Le lendemain, le Premier ministre Sébastien Lecornu réunit une cellule de crise interministérielle à Marseille. Son bilan : depuis le début de la saison, près de 7 000 départs de feu et 8 700 hectares partis en fumée, dont 1 200 pour la seule journée du 1ᵉʳ juillet. Autour de Perpignan, quelque 2 000 vacanciers ont quitté leurs campings. Chaque jour, environ 2 000 pompiers sont mobilisés, épaulés par des renforts européens : 66 Roumains, 34 Grecs, 13 Italiens.
Ce qui saisit les secours, c'est le calendrier. Les épisodes arrivent « quinze jours à trois semaines » avant les dates habituelles, souligne le chef du gouvernement.
Les jours suivants n'ont pas desserré l'étau.
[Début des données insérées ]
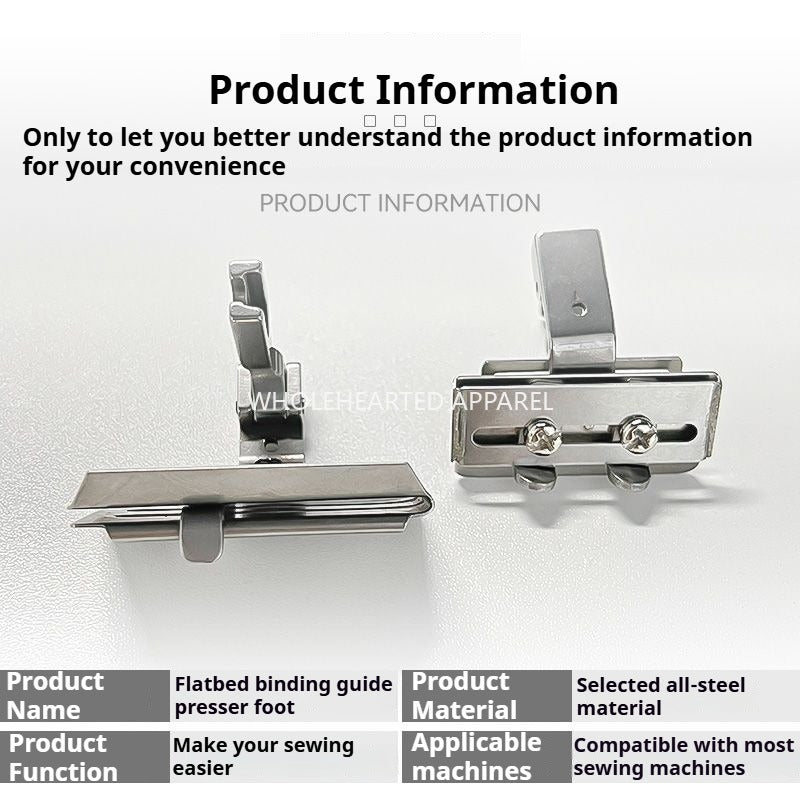 1450★ Pied de presse réglable pour machine à coudre à point noué S10A, pour ruban adhésif, sangle, collier, élastique, guide-lacets, etc.
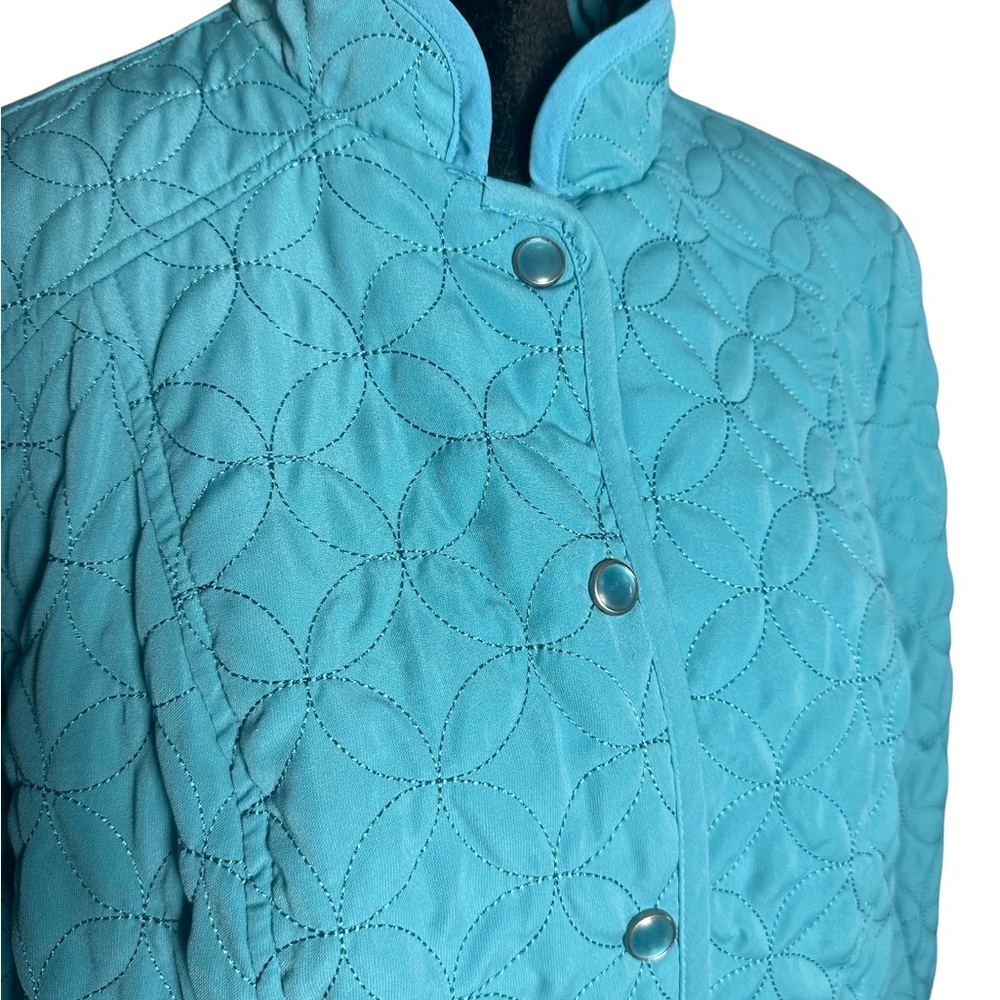 Beautiful Pattern Stitch Button Down Blue Vintage… - image 2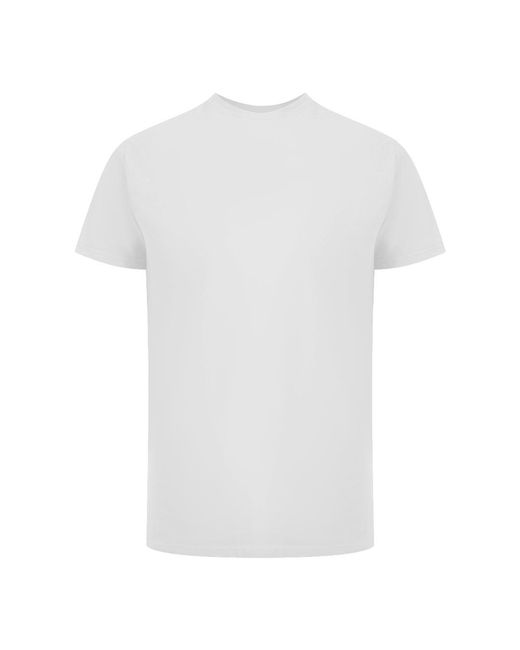 Palm Angels White Tonal Classic Logo T-Shirt Cotton for men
Début juillet, plus de trente feux brûlaient encore simultanément dans le pays, un incendie menaçait les abords de Marseille et des milliers de personnes étaient évacuées ; le ministre de l'Intérieur annonçait dans le même temps le feu de l'Aude « fixé », c'est-à-dire stoppé dans sa progression sans être éteint.
Combien d'hectares ont vraiment brûlé ?
Le chiffre dépend de l'instrument. Le décompte des services français, celui qu'a présenté Sébastien Lecornu le 2 juillet, s'appuie sur les feux constatés au sol : 8 700 hectares à cette date. Le système satellitaire européen EFFIS, lui, repère aussi les feux de broussailles et cumule depuis le 1ᵉʳ janvier ; il affiche pour la France un total bien supérieur, plus de 26 000 hectares selon les données citées en ce début d'été. Les deux ne se contredisent pas : ils ne mesurent ni la même période, ni le même périmètre, ni de la même manière.
Un point met tout le monde d'accord. Même le décompte le plus bas dépasse déjà, avant le cœur de l'été, une année entière ordinaire : la moyenne des surfaces brûlées en métropole tournait autour de 9 800 hectares par an sur la période 2006-2021, selon l'Inrae.
Pourquoi ça brûle plus tôt
Un hiver et un printemps peu arrosés ont laissé des sols secs et une végétation stressée ; trois vagues de chaleur en six semaines ont fait le reste, avant que le vent ne se charge de propager la moindre étincelle. Les climatologues relient l'allongement de cette fenêtre à haut risque au réchauffement, sans qu'aucun feu ne se résume au climat : la plupart des départs ont une origine humaine, imprudence ou malveillance, et c'est la météo qui transforme un mégot en catastrophe. D'où l'insistance des préfectures sur le débroussaillement, obligatoire mais encore inégalement appliqué, et sur la fermeture des massifs les jours les plus exposés.
Longtemps cantonné au pourtour méditerranéen, le risque grignote désormais des régions qui s'en croyaient protégées. « Tout le territoire national est prêt à s'embraser », avertit le porte-parole des sapeurs-pompiers. Début juillet, l'été n'a pas encore atteint son point le plus chaud.